Bottom line is that if you're doing NOLOCK scans of tables involving LOB data, the perfmance might suck. 2005 SP3 CU3 has the bug fix, but unfortunately the KB article was written by someone who didn't seem to know what they were talking about, so I suggested it was rewritten, which it has been (but not republished yet). The original KB article is at http://support.microsoft.com/kb/961049/. It's also fixed in 2008, but I don't know which build (I believe CU4 at least).

Here's my explanation of the problem.

LOB data can be stored in-row or off-row (my previous LOB post Importance of choosing the right LOB storage technique has more details). When it's stored off-row, it must be accessed by first reading the pointer to the LOB data from the data/index record, and then following the pointer (remember that 'record' is synonymous with 'row'). When a LOB data value is updated, the off-row value is updated first, and then if the off-row link changed, the data/index record is updated with the new link. There's obvioulsy a window here, where someone reading the data/index record might see the wrong/non-existent off-row pointer. This is exactly what can happen when a NOLOCK scan occurs.

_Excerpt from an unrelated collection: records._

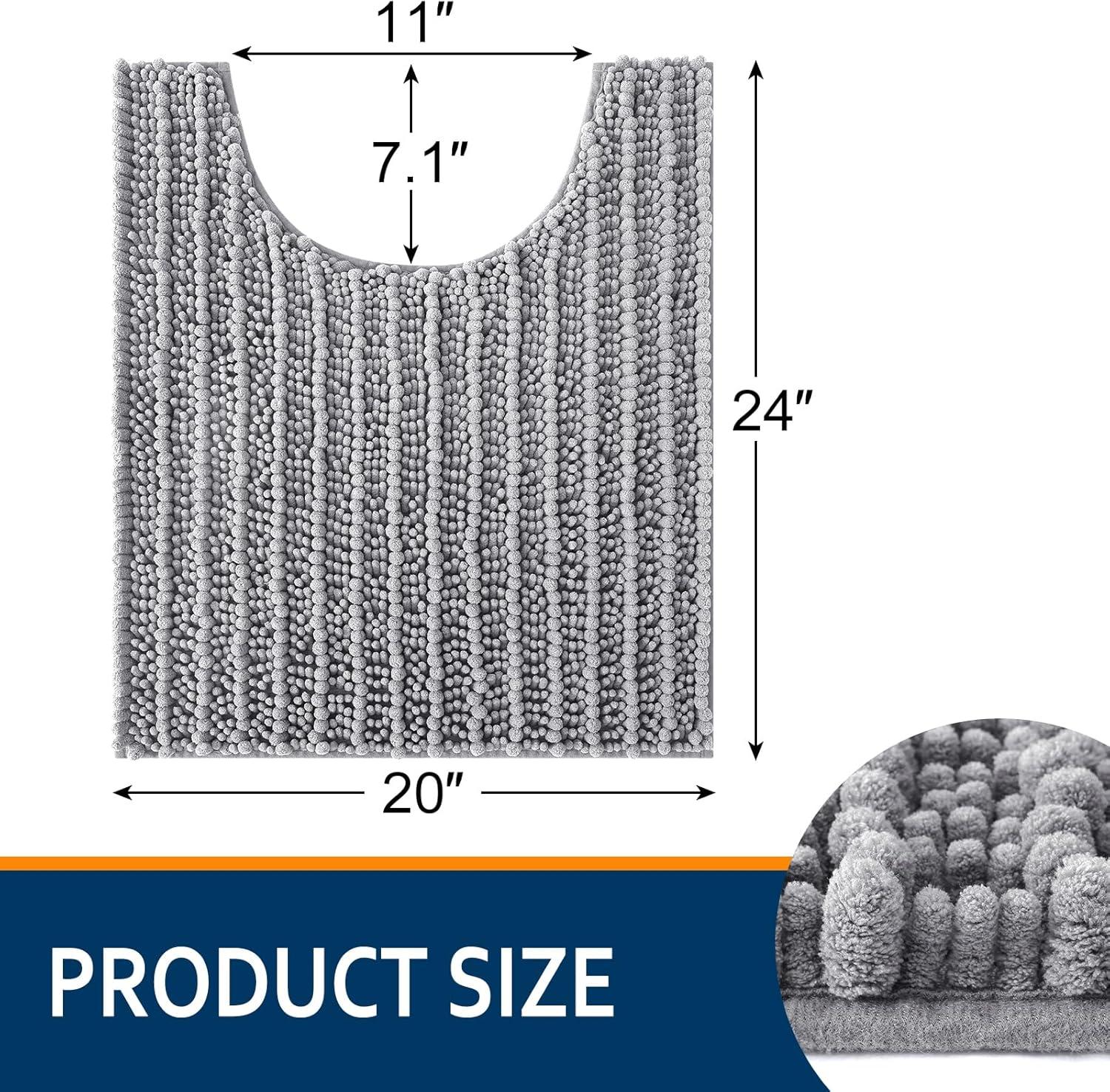 imageSmiry Bathroom Rugs Set 3 Piece Extra Soft Absorbent Non Slip Rubber Backing Machine Washable Quick Dry Chenille Bath Rug Set for Tub Shower and Floor 59quot x 20quot24quot x 16quot UShaped 24quot x 20quot Grey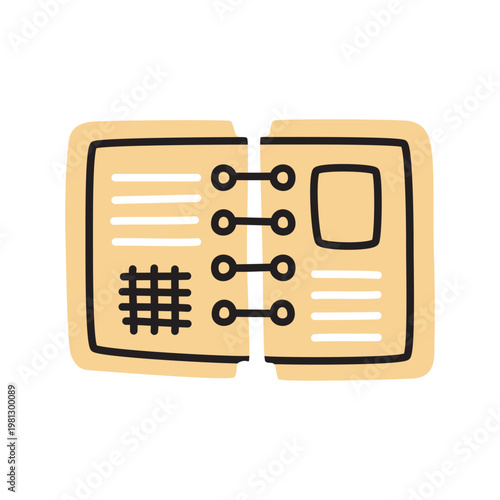 Doodle organizer calendar icon or logo hand drawn with thin line in minimalistic style. Vector illustration isolated on white background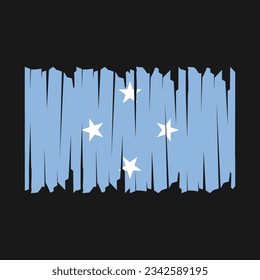Micronesia Flag Brush Vector Illustration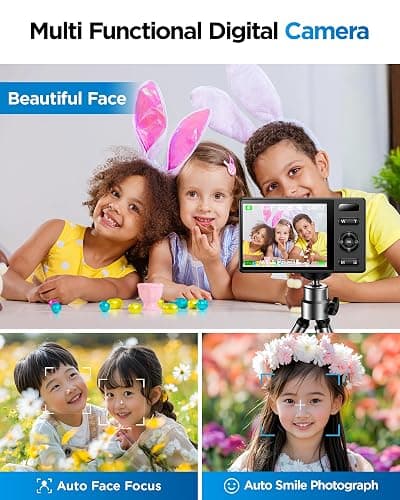 64GB Digital Camera for Kids: 48MP Anti-Shake Camera Photography Vlogging Camera for YouTube 16X Digital Zoom Photo Filtration Continuous Shooting Self-Timer Autofocus Compact Camera thumbnail 7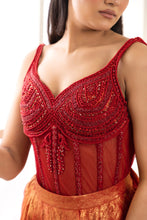 Load image into Gallery viewer, Ruby Embellished Corset | Ruby Red (2 Piece Set)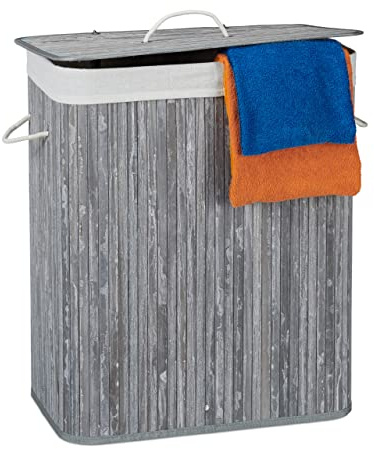 Relaxdays Wäschekorb Bambus mit Deckel, rechteckiger Wäschesammler, 2 Fächer, 95 l Volumen, faltbare Wäschebox, Farbwahl | 2 Fächer, 95 l Volumen, faltbare Wäschebox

To mitigate the possibility of a NOLOCK scan trying to follow a bad off-row link, the old behavior was to scan all the IAM pages (see Inside the Storage Engine: IAM pages, IAM chains, and allocation units) for the table/index to make sure that the off-row link actually pointed to a page allocated to the table/index. If there are lots of IAM pages, this means lots of logical IOs, and poorly performing SELECT queries. And it does the scan once for *every row*. The person that hit it today had a 500 row select of ~20KB per row taking 20 seconds – 10MB of physical IOs and 30MB of logical IOs!

The fix is to make further use of an already existing in-memory cache of IAM pages to do a quick lookup of the right IAM page covering the GAM interval of the LOB page being read, without having to scan the whole IAM chain.

Hope this helps explain things, and track down perf problems for some of you.